I was still in school uniform, which must have made it 1990.

My father had left for work just five minutes before, accompanied by my younger sister, when Jive Bunny was drowned out by a loud, dull thud.

My mother immediately fretted her husband and daughter had just become the latest statistics of 21 years of death and trauma.

A lifetime in west Belfast may not have made me a ballistics expert but I was sure by the rattle of the windows it was closer to home.

When I opened the door to the rear garden the plume of smoke 10 yards to my right, frantic Scottish accents and moans of distress spelt out just how close. Toast in hand, I walked closer.

An agitated soldier, rifle pointing in my direction, squealed at me to "get f****** back. Get back into the house". I quickly obliged but not before hearing one soldier squeal of being blind and another begging not to die.

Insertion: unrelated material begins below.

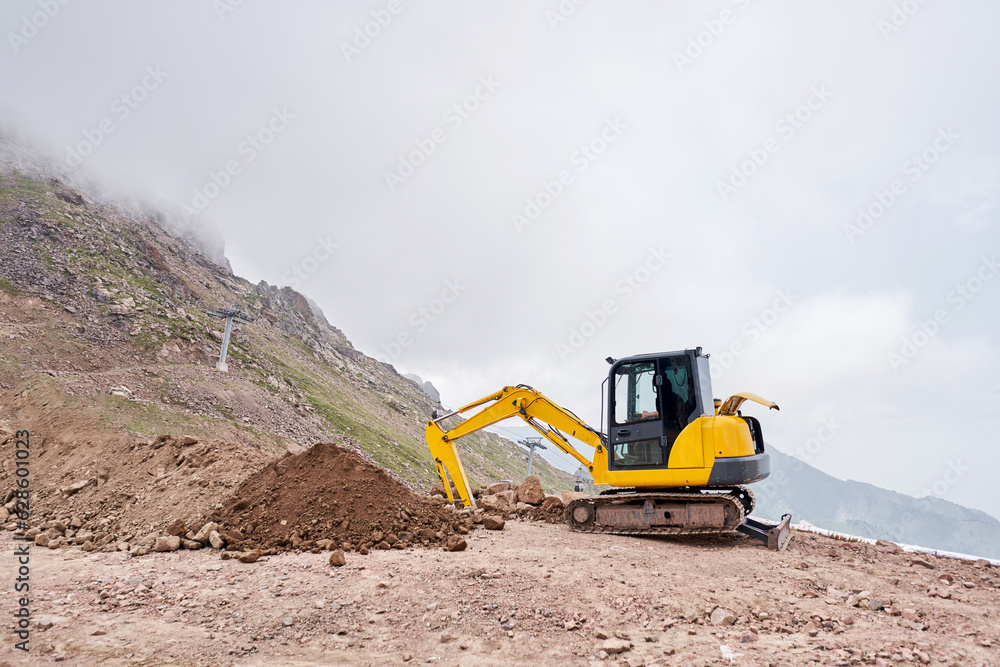 Excavator works in the highlands. Makes a trench for communications. water and electricity. in the gorge of the mountains. repair and expansion of a road Excavator works in the highlands. Makes a trench for communications. water and electricity. in the gorge of the mountains. repair and expansion of a road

A crater, easily 5ft wide and deep, had been blown from the edge of the neighbour's garden.

Someone had obviously picked up that an Army patrol walked through the forest at the edge of the Poleglass estate around 8am every day, them and dozens of schoolkids who attended the secondary schools in nearby Andersonstown.

As I headed off for my bus I passed a military ambulance and more squaddies searching a wooded area, 500 yards from the incident.

I had my own issues with the Army. A young neighbour, 10-year-old Carol-Anne Kelly, had been shot dead with a plastic bullet nine years before returning from the shops.

At eight years old this leaves its mark.

But my instinct immediately told the officer in charge exactly where his colleagues were and how to get in.

My feeling I may have helped save a life was punctured by a stranger who witnessed my encounter.

He uttered one word, "tout", local slang for a grass.